→ PROBLEM TO WORK ON:
Filter the records below down to lines containing "Used".

────────

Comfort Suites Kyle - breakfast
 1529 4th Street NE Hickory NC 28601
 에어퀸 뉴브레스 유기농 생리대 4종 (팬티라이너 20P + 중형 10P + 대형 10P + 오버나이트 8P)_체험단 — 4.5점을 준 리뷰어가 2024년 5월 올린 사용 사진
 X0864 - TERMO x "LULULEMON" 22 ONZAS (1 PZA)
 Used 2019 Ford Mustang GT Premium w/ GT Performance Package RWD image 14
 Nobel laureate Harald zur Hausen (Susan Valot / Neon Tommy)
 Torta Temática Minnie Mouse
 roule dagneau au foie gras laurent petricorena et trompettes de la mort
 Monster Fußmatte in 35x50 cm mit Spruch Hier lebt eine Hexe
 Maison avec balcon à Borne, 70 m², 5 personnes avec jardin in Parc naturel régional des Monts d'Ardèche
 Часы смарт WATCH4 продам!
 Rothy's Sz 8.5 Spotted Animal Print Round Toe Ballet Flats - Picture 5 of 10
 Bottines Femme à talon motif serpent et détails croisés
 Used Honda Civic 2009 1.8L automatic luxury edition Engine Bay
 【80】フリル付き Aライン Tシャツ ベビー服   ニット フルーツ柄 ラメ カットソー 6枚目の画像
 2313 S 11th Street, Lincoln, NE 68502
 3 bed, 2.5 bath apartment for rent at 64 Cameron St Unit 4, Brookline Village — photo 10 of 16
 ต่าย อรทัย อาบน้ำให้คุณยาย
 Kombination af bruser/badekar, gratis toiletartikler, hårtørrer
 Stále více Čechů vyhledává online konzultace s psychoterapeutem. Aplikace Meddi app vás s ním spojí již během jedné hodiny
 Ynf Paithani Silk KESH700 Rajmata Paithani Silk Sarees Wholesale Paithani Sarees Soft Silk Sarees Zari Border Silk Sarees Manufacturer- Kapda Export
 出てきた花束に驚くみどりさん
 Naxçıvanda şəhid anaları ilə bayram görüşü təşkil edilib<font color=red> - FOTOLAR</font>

────────

→ YOUR RESPONSE:
 Used 2019 Ford Mustang GT Premium w/ GT Performance Package RWD image 14
 Used Honda Civic 2009 1.8L automatic luxury edition Engine Bay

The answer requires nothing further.